▶ **Data under study**
▼

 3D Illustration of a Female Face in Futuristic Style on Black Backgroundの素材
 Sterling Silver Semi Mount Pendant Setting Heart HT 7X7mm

▲
▼

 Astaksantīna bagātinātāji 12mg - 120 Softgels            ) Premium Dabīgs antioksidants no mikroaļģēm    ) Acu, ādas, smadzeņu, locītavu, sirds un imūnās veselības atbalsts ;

▲

▶ **Aim of the exercise**
Give again, word for word, every line of the listing above from the one with "3D Illustration of" to the one with "Sterling Silver Semi", both inclusive, and nothing beyond them.

▶ **Written response**
 3D Illustration of a Female Face in Futuristic Style on Black Backgroundの素材
 Sterling Silver Semi Mount Pendant Setting Heart HT 7X7mm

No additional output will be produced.